Project Euler 214

题目

Totient Chains

Let \(\varphi\) be Euler’s totient function, i.e. for a natural number n, \(varphi(n)\) is the number of \(k, 1 \le k \le n,\) for which \(\gcd(k,n) = 1\).

By iterating \(\varphi\), each positive integer generates a decreasing chain of numbers ending in \(1\). E.g. if we start with \(5\) the sequence \(5,4,2,1\) is generated.

Here is a listing of all chains with length \(4\):

\(\begin{aligned} & 5,4,2,1\\ & 7,6,2,1\\ & 8,4,2,1\\ & 9,6,2,1\\ & 10,4,2,1\\ & 12,4,2,1\\ & 14,6,2,1\\ & 18,6,2,1 \end{aligned}\)

Only two of these chains start with a prime, their sum is \(12\).

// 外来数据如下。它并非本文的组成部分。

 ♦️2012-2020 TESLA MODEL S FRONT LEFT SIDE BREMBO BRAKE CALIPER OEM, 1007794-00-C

What is the sum of all primes less than \(40000000\) which generate a chain of length \(25\)?

解决方案

令\(N=40000000,M=25\)。

本题使用的\(N\)的范围比较大，不难想到使用线性筛来计算积性函数\(\varphi\)的值。

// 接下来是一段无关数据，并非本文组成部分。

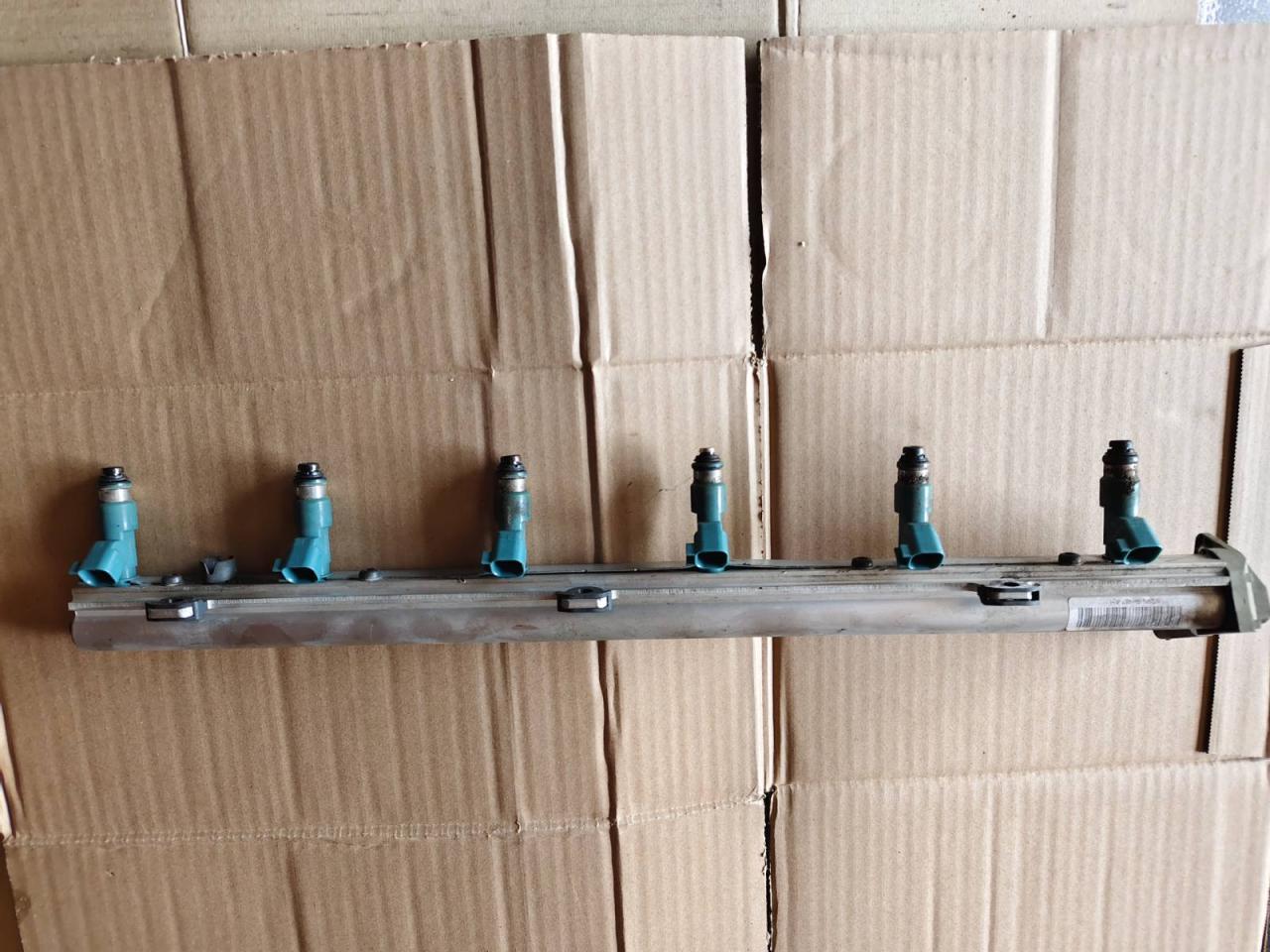 форсунка Volvo S80 2 поколение 2008, 3.2 л., i, B 6324 S, бензин, АКПП, седан, передний привод, 0261230110, 6G9N9H487AH, 30756097, 025079205, 6G9NAB - фото №1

设\(f(i)(i\ge 1)\)为以\(i\)为起点的链长度，根据题意，不难想到使用动态规划的方法来计算\(f(i)\)：

\[ f(i)= \left \{\begin{aligned} &1 & & \text{if}\quad i=1 \\ &f(\varphi(i))+1 & & \text{else} \end{aligned}\right. \]

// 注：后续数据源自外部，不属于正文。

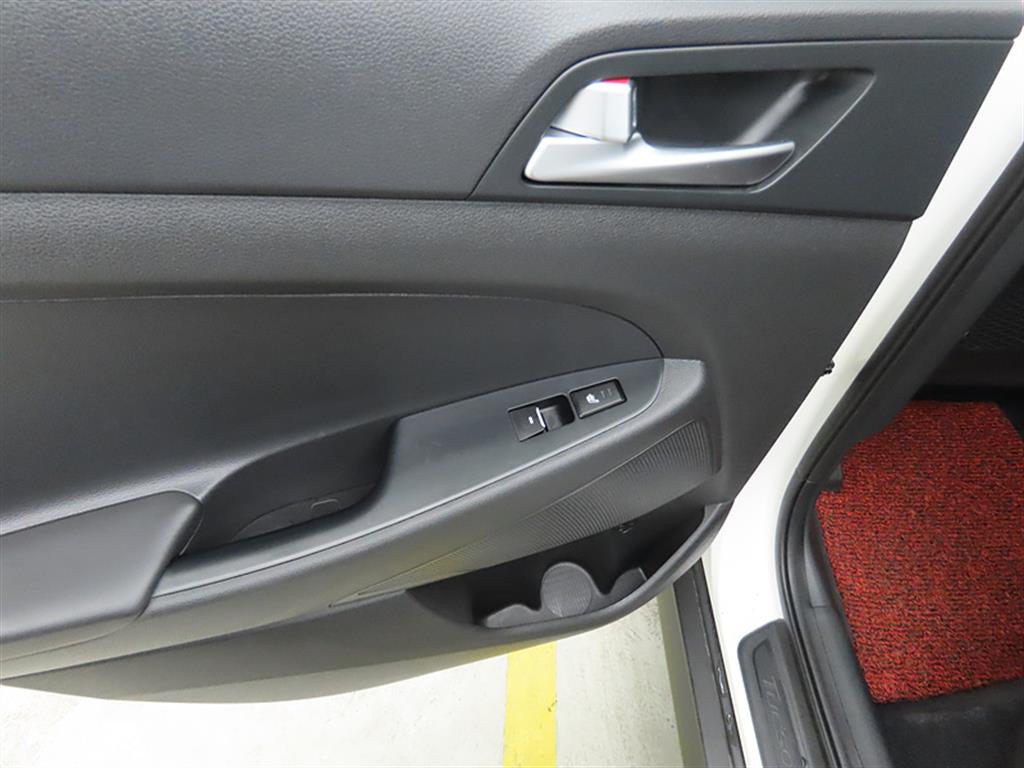 HYUNDAI Tucson - Vista 12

遍历所有\(N\)以内的质数，判断其\(f\)的函数值是否为\(M\)。

代码

#include <bits/stdc++.h>
typedef long long ll;
using namespace std;
const int N=40000000,M=25;
int f[N+4],phi[N+4],pr[N+4],v[N+4];
int m=0;
int main(){
    phi[1]=f[1]=1;
    for(int i=2;i<N;i++){
        if(v[i]==0){
            v[i]=i;phi[i]=i-1;
            pr[++m]=i;
        }
        for(int j=1;j<=m;j++){
            if(pr[j]>v[i]||pr[j]>N/i) break;
            v[i*pr[j]]=pr[j];
            if(pr[j]==v[i]) phi[i*pr[j]]=phi[i]*pr[j];
            else phi[i*pr[j]]=phi[i]*(pr[j]-1);
        }
        f[i]=f[phi[i]]+1;
    }
    ll ans=0;
    for(int i=1;i<=m;i++)
        if(f[pr[i]]==M) ans+=pr[i];
    printf("%lld\n",ans);

}